Du fait que je sois comédienne à la base, je dirige comme j’aimerais que l’on me dirige, j’essaie d’apporter un cadre à l’équipe. Cela est né d’une frustration que j’ai transformée en désir. Les acteurs sont en fragilité, surexposés, nus, s’il y a peu de scénographie. Il faut les mettre en confiance et savoir aussi les mettre en danger au bon endroit sur le plateau. Il est donc nécessaire d’être dans une relation d’extrême confiance avec le metteur en scène. Je suis souvent très exigeante, je ne les lâche pas et à un moment je disparais. Ce qui se passe sur scène ne m’appartient plus. Je n’arrive plus à regarder un spectacle, j’ai le trac. En n’étant pas sur scène, l’énergie ne peut pas sortir et dès qu’il se passe quelque chose dans la salle, cela peut me mettre dans des états impossibles.

De quoi avez-vous peur ?

Au moment où je serai trop installée dans un endroit (avec des acteurs, une réputation, une légitimation), il faudra que je parte. J’ai l’impression qu’être artiste implique cela, d’être dans une mise en danger, en précarité. Dans le théâtre rien n’est jamais acquis, même une notoriété. Pour l’artiste il ne faudrait pas trop de succès trop vite, cela permet de toujours se remettre en question.

Quel serait votre coup de gueule ?

Je suis contre le culte de la personnalité, le star-système, contre le fait de crier au génie, je crois au travail. Je n’ai pas envie d’évoluer là-dedans, j’essaie de faire attention. On a trop tendance à vouloir mettre des étiquettes, cela raconte beaucoup de notre monde, c’est peut-être sécurisant.

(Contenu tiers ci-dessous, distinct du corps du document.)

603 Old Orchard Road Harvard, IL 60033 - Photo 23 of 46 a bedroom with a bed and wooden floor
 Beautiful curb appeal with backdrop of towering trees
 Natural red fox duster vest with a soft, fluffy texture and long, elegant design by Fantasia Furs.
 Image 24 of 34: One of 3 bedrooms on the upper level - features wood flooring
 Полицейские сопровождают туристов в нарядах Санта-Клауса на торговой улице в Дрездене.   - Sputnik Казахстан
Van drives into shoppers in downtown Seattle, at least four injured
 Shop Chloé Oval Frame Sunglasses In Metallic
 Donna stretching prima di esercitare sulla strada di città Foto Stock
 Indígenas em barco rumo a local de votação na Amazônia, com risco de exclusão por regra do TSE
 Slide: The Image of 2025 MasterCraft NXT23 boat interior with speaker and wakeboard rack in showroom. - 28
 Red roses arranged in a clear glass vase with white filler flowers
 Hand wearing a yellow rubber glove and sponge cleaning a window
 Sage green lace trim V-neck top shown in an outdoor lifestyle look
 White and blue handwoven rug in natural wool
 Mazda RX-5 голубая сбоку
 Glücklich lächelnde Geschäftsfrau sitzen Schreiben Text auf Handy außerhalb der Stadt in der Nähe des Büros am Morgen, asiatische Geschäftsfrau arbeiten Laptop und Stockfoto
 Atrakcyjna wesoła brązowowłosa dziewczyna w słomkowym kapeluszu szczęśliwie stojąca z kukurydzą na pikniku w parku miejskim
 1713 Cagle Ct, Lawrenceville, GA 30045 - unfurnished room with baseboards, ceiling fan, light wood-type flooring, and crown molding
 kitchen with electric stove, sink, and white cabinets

J’aime le paradoxe, je ne travaille que là-dessus, sur ce qui va grincer parce qu’on ne s’y attend pas, c’est un axe primordial, notamment dans l’actorat. Dans King Kong Théorie, on a posé pas à pas, un travail presque poétique.

Quelle est votre vision du métier ?

Le plus important dans ce métier est la discussion artistique, ce qui se passe avec les acteurs ou quand je vais au théâtre. Aller au théâtre est une véritable passion, c’est aussi comme cela que l’on apprend, que l’on nourrit un travail. Avant j’avais beaucoup de fantasmes sur des maîtres comme Pina Bausch, Patrice Chéreau, Claude Régy ou Stanislas Nordey. J’ai dû me détacher de ces fantasmes pour créer et trouver mon endroit idéal de travail. Ce milieu est riche de par sa diversité. Il faut aller au théâtre, c’est un moment de partage, de vie, on sort du quotidien, et pendant une heure ou deux, on peut vivre des choses exceptionnelles.

Photographie à la Une, Émilie Charriot © Léa Kloos.